#### [What needs to be done]
Would you please repeat, word for word, only the lines from the one holding "303 5th Ave" through the one holding "Canapé d'appoint floral" in the material below, without the pictures?

#### [Material for this exercise]
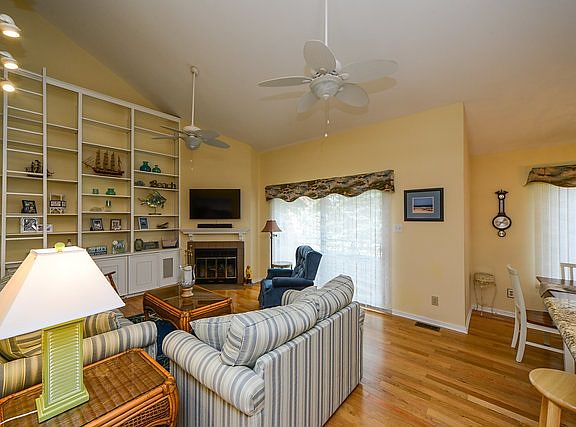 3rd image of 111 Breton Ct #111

==

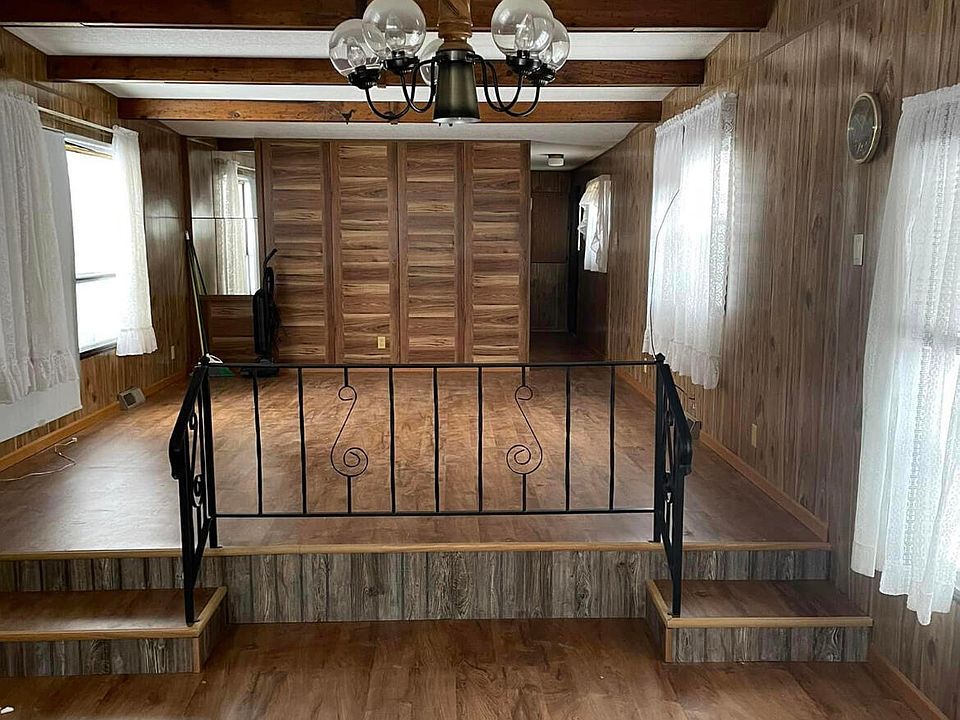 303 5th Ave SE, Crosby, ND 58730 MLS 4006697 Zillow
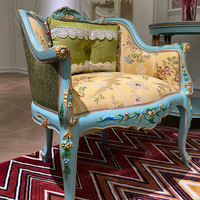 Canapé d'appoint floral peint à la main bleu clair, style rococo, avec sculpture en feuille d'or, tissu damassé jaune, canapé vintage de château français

#### [Solution]
 303 5th Ave SE, Crosby, ND 58730 MLS 4006697 Zillow
 Canapé d'appoint floral peint à la main bleu clair, style rococo, avec sculpture en feuille d'or, tissu damassé jaune, canapé vintage de château français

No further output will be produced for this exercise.